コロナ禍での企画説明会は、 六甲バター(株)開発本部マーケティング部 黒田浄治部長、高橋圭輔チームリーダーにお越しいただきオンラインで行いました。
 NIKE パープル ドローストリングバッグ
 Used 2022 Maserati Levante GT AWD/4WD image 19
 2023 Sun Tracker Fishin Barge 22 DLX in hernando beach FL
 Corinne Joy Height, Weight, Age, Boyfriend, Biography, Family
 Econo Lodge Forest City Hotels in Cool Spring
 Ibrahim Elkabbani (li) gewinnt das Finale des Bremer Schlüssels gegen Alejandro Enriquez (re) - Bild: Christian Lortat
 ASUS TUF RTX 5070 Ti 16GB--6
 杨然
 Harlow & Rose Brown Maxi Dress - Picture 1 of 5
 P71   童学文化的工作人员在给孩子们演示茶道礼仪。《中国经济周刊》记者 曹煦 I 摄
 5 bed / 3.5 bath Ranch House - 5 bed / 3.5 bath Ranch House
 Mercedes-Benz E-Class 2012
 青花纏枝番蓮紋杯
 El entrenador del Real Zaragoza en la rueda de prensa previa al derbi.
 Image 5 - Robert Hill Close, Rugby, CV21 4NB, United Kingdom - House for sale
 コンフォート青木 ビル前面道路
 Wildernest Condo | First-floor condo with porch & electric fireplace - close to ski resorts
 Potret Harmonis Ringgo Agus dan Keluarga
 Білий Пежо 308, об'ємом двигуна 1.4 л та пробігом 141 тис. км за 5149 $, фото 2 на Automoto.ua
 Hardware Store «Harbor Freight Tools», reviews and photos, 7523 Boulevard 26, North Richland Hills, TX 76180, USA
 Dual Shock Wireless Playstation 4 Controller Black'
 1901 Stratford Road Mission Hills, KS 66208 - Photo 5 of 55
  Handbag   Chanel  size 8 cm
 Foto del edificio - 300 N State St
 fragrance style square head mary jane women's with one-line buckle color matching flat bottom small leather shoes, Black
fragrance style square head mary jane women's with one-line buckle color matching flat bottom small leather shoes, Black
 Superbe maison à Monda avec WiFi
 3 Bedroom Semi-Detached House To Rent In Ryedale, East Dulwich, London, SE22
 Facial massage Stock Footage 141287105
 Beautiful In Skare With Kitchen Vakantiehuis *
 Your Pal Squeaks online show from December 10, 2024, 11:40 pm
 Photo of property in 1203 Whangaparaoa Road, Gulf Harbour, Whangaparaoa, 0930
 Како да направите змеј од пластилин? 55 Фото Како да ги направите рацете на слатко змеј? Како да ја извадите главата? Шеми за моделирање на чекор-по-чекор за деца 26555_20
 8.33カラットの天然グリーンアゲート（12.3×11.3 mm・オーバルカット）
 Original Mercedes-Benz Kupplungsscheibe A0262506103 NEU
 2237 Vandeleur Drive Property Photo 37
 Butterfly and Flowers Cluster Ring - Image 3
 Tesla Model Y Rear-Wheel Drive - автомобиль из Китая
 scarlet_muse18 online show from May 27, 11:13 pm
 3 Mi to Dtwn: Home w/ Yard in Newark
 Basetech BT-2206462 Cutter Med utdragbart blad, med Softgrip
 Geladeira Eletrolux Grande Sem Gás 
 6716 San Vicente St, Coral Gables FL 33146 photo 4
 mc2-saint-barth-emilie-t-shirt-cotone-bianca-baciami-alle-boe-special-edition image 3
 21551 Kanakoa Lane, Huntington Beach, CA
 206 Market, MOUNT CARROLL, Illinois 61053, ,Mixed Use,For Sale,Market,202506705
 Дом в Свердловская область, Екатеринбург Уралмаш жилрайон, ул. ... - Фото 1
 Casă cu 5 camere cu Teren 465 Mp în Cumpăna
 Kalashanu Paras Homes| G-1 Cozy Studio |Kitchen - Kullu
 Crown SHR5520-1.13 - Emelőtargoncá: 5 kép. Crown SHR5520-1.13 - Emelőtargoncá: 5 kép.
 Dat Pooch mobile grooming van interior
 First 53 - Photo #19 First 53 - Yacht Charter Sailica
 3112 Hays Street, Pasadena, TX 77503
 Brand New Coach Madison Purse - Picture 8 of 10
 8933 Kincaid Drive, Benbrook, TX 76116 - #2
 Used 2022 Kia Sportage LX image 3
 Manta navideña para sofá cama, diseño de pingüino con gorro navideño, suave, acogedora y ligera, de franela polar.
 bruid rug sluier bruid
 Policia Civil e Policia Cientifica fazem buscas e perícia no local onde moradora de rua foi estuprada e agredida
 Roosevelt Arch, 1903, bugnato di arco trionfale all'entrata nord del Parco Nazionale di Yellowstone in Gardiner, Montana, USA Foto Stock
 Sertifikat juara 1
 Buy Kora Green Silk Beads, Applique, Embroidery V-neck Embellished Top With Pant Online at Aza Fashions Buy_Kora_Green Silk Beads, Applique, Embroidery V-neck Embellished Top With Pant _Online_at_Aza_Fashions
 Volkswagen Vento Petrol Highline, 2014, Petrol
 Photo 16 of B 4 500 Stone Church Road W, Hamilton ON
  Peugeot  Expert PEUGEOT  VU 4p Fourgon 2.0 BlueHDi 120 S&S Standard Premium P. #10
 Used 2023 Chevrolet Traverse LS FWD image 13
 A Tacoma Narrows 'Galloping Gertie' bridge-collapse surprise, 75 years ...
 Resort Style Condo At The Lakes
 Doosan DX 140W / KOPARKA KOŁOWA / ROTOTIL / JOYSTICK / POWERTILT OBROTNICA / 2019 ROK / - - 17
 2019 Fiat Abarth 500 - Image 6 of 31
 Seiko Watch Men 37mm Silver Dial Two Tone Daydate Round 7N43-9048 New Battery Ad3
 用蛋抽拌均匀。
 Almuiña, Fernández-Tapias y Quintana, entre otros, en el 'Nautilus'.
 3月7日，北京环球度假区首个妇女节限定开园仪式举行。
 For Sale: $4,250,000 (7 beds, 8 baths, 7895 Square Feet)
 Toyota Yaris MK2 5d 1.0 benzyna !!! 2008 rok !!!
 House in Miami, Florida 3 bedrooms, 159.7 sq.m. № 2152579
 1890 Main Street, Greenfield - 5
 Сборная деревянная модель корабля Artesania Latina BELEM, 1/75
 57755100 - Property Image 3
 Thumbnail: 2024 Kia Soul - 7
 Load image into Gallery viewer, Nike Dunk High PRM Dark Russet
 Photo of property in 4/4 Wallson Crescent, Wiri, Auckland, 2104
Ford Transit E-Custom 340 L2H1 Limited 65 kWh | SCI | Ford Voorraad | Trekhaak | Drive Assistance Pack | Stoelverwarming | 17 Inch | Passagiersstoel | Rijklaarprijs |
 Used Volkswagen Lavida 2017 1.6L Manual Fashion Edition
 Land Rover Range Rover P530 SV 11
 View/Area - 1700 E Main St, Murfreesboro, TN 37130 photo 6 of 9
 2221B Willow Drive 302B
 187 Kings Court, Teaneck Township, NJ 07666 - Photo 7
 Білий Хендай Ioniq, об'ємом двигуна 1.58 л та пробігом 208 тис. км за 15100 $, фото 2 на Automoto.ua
= = = =
* Work order:
Could you transcribe the entries above word for word, from the line with "Facial massage Stock Footage 141287105" down to the line with "2237 Vandeleur Drive Property Photo 37", keeping both?

* Answer:
 Facial massage Stock Footage 141287105
 Beautiful In Skare With Kitchen Vakantiehuis *
 Your Pal Squeaks online show from December 10, 2024, 11:40 pm
 Photo of property in 1203 Whangaparaoa Road, Gulf Harbour, Whangaparaoa, 0930
 Како да направите змеј од пластилин? 55 Фото Како да ги направите рацете на слатко змеј? Како да ја извадите главата? Шеми за моделирање на чекор-по-чекор за деца 26555_20
 8.33カラットの天然グリーンアゲート（12.3×11.3 mm・オーバルカット）
 Original Mercedes-Benz Kupplungsscheibe A0262506103 NEU
 2237 Vandeleur Drive Property Photo 37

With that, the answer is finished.